A very efficient, fast and accurate next word prediction (NLP) model built using R and published using Shiny. The model utilizes a 5-gram backoff algorithm with intelligent two-word chaining for and improved user experience.
Various model approaches (e.g. Stupid Backoff Smoothing, Content-Word Biased Ensemble) were considered and/or tested and rejected.
Varying sample sizes and parameter configurations were attempted (e.g. 3-gram, 4-gram, minimal pruning [min_freq=1]), with this final model performing best.
Models were trained on up to 70% of the data and performance evaluated on a 15% held-out test set.

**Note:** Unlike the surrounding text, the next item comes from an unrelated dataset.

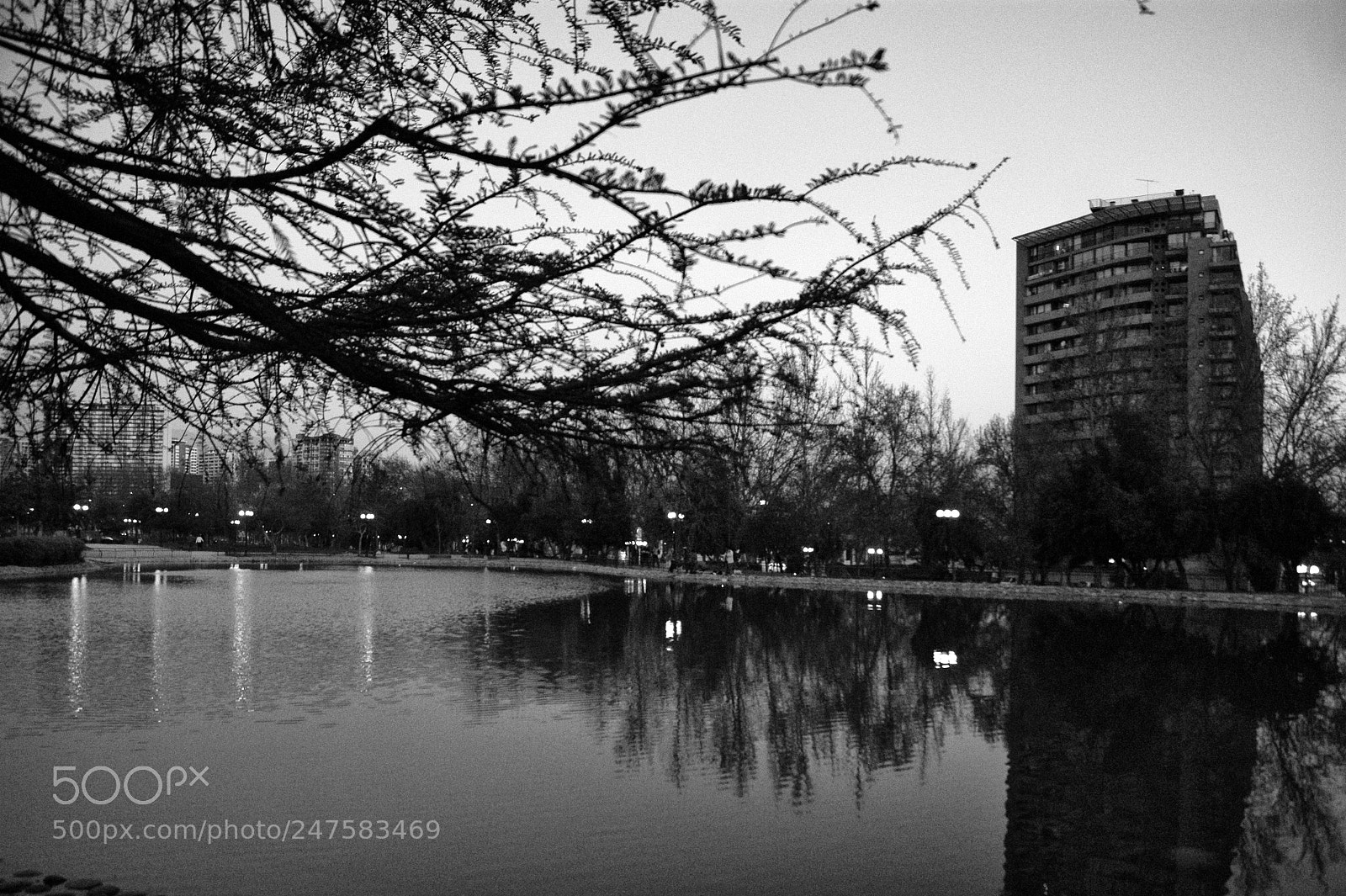 Sony Alpha DSLR-A290 sample photo. Santiago de chile photography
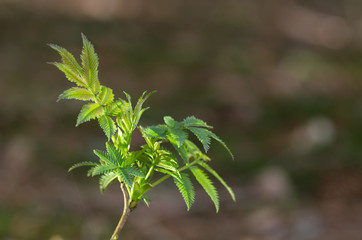 Young tree Sorbus aucuparia in the forest with light in the leaves. Also known as rowan or mountain-ash. Natural environment.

This model was chosen for its speed and accuracy, as well its very small size (<15MB).
Actual data from a small subset of tested model approaches (12 total models tested).
Model | Sample % | N-gram | Top-3 Accuracy | Size (MB) | Speed (ms) |
---|---|---|---|---|---|
Small | 10% | 4-gram | 23.0% | 2.1 | 5.0 |
Balanced | 50% | 4-gram | 26.7% | 9.0 | 24.7 |
Production | 70% | 5-gram | 28.2% | 14.8 | 32.8 |
The model uses a 5-gram backoff algorithm:
This project was created as part of the Johns Hopkins Data Science Capstone using the SwiftKey dataset provided by Coursera.
Code: Free to use and modify (app.R and associated scripts) - see LI link below.
Model: For educational and portfolio demonstration purposes
Please check Coursera’s terms of service regarding commercial use of capstone projects.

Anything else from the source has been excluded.